JERUSALEM — Ehud Olmert pledged Thursday to immediately resign as Israel's prime minister once his party chooses his successor as leader next week, shooting down speculation he would try to hold on to his office.

The announcement means Israel could find itself racing to form a new government in as little as a seven days. And it raises new questions on Washington's stated goal of brokering an Israeli-Palestinian peace agreement by year's end.

Olmert, who is battling a corruption investigation, announced in July that he would resign after his Kadima Party chooses a new leader in Wednesday's primary. But some felt he was vague about the timing of his exit, raising speculation he would try to keep power.

Olmert said Thursday he never intended to delay his resignation.

"As I have said before, immediately after the selection of a new chairman of Kadima, I plan to resign and recommend to the president to pick the new head of the party to form a government," he said.

However, under Israel's complicated political system, Olmert could find himself in office well into next year, even if that is not his intention.
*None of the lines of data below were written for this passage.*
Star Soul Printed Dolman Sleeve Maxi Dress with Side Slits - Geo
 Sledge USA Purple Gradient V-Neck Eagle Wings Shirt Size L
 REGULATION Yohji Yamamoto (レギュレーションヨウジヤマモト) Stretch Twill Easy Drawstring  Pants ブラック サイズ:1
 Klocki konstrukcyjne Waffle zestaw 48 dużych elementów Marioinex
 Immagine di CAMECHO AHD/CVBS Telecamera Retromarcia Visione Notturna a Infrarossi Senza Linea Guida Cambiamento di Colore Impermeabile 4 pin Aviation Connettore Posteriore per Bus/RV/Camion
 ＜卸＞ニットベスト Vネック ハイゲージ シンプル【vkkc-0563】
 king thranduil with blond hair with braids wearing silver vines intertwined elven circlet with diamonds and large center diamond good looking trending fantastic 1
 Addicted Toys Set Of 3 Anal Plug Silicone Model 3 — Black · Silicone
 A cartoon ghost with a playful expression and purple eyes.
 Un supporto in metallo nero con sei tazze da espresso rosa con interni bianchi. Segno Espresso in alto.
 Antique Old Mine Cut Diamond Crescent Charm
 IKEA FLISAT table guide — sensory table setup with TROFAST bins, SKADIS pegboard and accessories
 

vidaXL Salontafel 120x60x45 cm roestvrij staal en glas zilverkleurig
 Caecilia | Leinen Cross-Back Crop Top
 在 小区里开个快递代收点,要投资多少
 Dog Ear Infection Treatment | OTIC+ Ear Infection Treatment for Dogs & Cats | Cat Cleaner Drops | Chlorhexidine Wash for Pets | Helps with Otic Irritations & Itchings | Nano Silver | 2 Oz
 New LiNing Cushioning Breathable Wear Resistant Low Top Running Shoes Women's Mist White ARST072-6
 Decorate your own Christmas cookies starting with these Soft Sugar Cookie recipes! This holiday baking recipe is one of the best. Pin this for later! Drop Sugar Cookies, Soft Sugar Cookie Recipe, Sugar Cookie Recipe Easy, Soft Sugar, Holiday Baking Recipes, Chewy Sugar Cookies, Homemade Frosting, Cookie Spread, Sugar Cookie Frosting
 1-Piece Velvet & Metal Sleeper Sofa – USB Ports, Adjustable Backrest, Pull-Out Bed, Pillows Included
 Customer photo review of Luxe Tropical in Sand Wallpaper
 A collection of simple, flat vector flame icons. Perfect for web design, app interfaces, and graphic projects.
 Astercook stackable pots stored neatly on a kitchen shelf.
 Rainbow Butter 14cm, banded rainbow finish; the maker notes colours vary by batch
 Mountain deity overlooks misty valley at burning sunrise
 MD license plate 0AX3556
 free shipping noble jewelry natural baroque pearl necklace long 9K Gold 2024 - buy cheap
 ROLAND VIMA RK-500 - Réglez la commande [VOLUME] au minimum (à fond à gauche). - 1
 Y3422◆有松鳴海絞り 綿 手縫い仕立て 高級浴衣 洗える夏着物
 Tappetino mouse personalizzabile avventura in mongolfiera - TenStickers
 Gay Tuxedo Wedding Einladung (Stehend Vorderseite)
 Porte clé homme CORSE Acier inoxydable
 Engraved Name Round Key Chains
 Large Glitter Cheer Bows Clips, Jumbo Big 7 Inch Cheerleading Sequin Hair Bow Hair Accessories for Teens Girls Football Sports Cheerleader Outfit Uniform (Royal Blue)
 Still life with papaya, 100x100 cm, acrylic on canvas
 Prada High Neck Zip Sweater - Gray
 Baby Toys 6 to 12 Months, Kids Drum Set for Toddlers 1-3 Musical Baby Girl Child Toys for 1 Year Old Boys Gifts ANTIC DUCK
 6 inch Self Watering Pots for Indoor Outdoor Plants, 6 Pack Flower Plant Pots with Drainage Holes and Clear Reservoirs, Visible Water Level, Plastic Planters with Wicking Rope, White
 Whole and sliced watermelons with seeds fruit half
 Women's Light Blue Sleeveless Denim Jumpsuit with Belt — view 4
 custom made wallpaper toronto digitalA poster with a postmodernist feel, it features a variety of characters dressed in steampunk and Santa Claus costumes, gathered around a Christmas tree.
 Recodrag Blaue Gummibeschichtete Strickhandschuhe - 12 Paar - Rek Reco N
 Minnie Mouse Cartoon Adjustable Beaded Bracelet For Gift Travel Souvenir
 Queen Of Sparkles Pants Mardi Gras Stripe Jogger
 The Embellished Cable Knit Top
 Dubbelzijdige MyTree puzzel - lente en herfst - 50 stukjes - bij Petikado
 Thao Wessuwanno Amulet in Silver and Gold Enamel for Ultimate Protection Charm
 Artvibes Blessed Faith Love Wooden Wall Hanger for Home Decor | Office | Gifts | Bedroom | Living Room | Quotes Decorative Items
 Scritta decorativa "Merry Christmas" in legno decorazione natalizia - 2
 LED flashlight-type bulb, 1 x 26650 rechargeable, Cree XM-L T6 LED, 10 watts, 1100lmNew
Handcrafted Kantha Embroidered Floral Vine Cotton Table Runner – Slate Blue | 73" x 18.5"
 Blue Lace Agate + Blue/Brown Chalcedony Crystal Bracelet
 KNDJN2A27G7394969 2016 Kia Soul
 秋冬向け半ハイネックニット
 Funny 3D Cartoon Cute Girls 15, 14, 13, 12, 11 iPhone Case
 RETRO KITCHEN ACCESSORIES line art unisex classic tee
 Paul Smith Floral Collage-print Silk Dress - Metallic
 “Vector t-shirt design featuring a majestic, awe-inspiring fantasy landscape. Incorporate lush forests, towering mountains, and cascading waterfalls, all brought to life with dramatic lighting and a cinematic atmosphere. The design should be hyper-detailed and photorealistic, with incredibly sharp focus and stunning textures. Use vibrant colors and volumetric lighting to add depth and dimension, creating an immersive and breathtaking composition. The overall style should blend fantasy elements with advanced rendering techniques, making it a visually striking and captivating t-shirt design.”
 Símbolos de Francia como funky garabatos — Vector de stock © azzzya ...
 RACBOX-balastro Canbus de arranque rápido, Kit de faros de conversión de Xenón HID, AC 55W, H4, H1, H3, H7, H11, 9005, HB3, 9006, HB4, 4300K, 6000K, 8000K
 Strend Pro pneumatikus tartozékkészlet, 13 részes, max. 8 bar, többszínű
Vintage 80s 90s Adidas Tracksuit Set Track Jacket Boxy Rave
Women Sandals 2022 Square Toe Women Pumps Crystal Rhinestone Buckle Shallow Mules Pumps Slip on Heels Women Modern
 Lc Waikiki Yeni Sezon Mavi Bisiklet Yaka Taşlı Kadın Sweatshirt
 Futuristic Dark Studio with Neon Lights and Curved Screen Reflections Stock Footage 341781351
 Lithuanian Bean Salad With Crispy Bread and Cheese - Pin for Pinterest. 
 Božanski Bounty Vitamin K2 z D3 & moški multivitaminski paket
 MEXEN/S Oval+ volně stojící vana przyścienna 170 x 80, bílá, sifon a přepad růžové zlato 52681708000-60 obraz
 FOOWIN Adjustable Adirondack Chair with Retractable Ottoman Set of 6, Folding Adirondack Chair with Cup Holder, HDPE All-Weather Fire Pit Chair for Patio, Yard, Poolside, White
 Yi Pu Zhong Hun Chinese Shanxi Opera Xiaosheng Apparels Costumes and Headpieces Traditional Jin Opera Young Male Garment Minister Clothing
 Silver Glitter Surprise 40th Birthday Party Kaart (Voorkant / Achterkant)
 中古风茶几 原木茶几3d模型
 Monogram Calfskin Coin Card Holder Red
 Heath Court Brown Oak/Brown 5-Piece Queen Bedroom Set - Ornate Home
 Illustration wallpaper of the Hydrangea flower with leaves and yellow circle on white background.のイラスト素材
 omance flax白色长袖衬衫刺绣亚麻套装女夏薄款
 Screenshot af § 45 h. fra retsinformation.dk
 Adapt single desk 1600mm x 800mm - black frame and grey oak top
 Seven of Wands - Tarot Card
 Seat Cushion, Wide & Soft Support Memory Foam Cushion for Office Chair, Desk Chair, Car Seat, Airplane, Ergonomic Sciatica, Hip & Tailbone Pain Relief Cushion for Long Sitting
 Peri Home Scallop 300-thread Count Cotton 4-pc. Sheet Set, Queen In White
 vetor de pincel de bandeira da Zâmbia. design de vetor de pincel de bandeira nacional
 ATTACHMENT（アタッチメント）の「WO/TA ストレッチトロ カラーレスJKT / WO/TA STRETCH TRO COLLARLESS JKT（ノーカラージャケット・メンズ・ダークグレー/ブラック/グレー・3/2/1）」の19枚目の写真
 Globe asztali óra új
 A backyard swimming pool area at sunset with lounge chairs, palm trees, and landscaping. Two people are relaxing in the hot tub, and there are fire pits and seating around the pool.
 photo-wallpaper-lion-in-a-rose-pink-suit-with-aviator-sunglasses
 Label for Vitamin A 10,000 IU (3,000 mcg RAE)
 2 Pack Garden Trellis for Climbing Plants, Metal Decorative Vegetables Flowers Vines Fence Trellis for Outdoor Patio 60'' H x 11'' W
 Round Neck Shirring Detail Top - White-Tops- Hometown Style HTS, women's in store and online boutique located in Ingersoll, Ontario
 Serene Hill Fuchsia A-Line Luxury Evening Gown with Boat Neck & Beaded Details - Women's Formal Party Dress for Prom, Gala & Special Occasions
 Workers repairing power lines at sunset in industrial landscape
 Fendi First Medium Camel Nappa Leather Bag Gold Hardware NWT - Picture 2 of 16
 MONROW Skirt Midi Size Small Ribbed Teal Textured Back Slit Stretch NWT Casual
He would stay on as a caretaker while the new Kadima leader tried to form a ruling alliance. If that failed, Israel would have to hold elections a year and a half early. Coalition negotiations after a ballot could last until spring, and Olmert would remain in office until then.

Though Kadima holds its primary Wednesday, it could be forced to hold a second round the following week if none of the four contenders gets 40 percent of the vote.

Foreign Minister Tzipi Livni, Israel's lead negotiator in peace talks, and Cabinet minister Shaul Mofaz, a former defense minister and military chief, are the front-runners.

Opinion polls, meanwhile, indicate a tight race in any national ballot between Livni and hard-line former Prime Minister Benjamin Netanyahu, whose election could set back the U.S.-sponsored Mideast peace drive.

With that in mind, both Kadima front-runners are expected to try to keep the current governing coalition intact. They might not succeed, however, because coalition partners are likely to push new demands for funds for pet programs or plum Cabinet posts.

During the transition, Olmert would find it difficult to push forward with his major diplomatic initiatives — peace talks with the Palestinians and separate, Turkish-mediated negotiations with Syria.

If elected, Livni, who hopes to become Israel's first female prime minister in four decades, would likely push ahead with the peace talks she has been leading. Mofaz would be expected to take a tougher line, particularly on the sensitive issue of Jerusalem. He opposes sharing control of the city, whose eastern sector is sought by the Palestinians as a future capital.

Police have been investigating for months a string of corruption cases involving Olmert. In one, he is suspected of improperly accepting cash and fancy gifts from a U.S. supporter. In another, he is suspected of submitting multiple bills for trips abroad, pocketing the difference or financing trips for relatives.

All the cases date to before Olmert became prime minister in 2006. Olmert, who says he is innocent, has not been charged, though police investigators this week formally recommended he be indicted on bribery, breach of trust and money laundering charges.

Also on Thursday, an Israeli human rights group said Jewish settlers have seized thousands of acres on the West Bank by widening their communities' perimeter fences or scaring Palestinian farmers off their fields through harassment.

The report by B'Tselem said 12 settlements had seized 1,100 acres, more than doubling the area under their control, by pushing out their fences with government backing since 2002.

Other settlements have gradually taken thousands of acres since the 1970s by building extended fences without permission or by expelling Palestinians from areas near settlements, the group said.

Yigal Palmor, spokesman for the Israeli Foreign Ministry, said that any fences built in the West Bank were temporary security measures and that the final status of the territory would be determined in the peace talks.